26 June 2014

Playing and being played


I just gave my cats a little electric guitar concert. I hadn't gotten out my fuchsia solidbody Godin for a long time; I had forgotten how messed up its pickups are and felt embarrassed for never having gotten around to getting them fixed. But on some of the pickup combinations the sound is just fine, and I have a booming chorus amp that adds to my meager musical efforts as much distortion and reverb and overall glow as I like at any given moment. This makes my little wanderings more fun, but loud for the little cats with big ears.
    Nora has probably heard me play two or three times in the two years she's been a part of our family. Her whiskers and tufted ears leading the way, Nora followed me into my office, her plume of tail high. Nora lowered her tail and crept closer to the amp's speaker as I played. She stopped, shook her head as if to shed the excess sound from her ears, and turned and trotted out of deafening range. She and Jack watched me from the sidelines as I played. Even though I didn't think the volume was that loud, the cats did look concerned from their vantage points at the edge of the room.
    When I play music awkwardly, or sit down to write without knowing what I will say until I say it, I feel sort of like a teenager who is about to graduate from college and doesn't know what is going to happen next. I feel perfectly positioned to take Tosha Silver's advice to do my things (because even though writing and storytelling is my main thing, there's more than one thing with me, always) and  see where the divine leads me. I feel more willing than ever to put myself in the hands of something that's not me, which is both a very new sensation and a very old sensation.
    It's a new sensation in that my judgments and skepticism have been falling away. I wonder lately whether each of us has a field of energy interacting with everyone else's energy field, or auras that mix and match or clash or that glow bright or dim according to circumstances or health or interactions with others. It's like starting with three colors of paint and combining them to make more colors: each time you mix two colors, you get something different. If there's one thing I've learned from my mother's health issues, it's that we are all so different, each exposed to a different set of hazards, blessed with a different set of genetic strengths and environmental advantages while having a unique achilles heel in each of our reactions to toxins, pollution, allergies, or other insults to our health.
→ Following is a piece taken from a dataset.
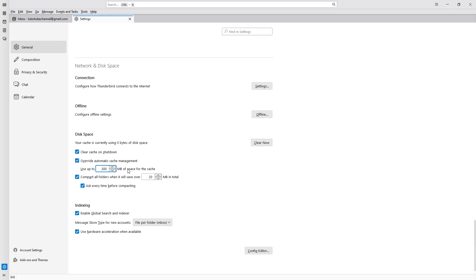You can also compact all folders when it's saved over 20 MB in total. You can set the limit here and also ask every time before compacting.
    This sensation of turning my ... fate, for lack of a better word, over to something as vague as “the divine,” as Tosha Silver says, is also an old, familiar one in that I've always thrown the I Ching when I have not known what I wanted or where I was going. Sometimes I turn to the the ritual of shaking three pennies six times and recording the hexagram so I can look it up in the I Ching for advice, but it's more that I want some landmarks as I continue on my way, some signposts indicating what I should remain mindful of as I walk down the next section of the path. I trust that my contact with the coins will lead me to something I need to know at this moment. My edition of the I Ching has two different books that each list interpretations of each hexagram, so I look up the hexagram in each book to make sure I don't miss some detail I should to pay attention to, just the way I look up two different recipes for the same new dish so I understand how the recipe is supposed to work in theory, not just in one instance.
    Today I admitted to my sister that I've been having this growing sensation that science isn't all it's cracked up to be, that there's information I feel science's reductionist explanations leaves out, possibilities science doesn't admit. It's all these little coincidences that make me feel that way, and the ongoing feeling that the more I take chances and pick things up, the more things are being put in my path when I need them. I read about the actress Mila Kunis today, who said she decided to say yes for a year, instead of trying to protect herself, and a lot of great things happened as a result during that year as a result of all that yesing. I think my friend Hanna once said something to me about doing that, too, but I never really tried it.
    These days I feel I'm saying yes a lot, trying creative enterprises, asking for jobs that look interesting, and trusting the universe will say yes in one way or many. I also told my sister anything could happen; if getting a technical writing job is the next thing I do, that is part of it all, part of how I can serve my family and community, and I'll still have all these other things to offer, more things to which I can say yes.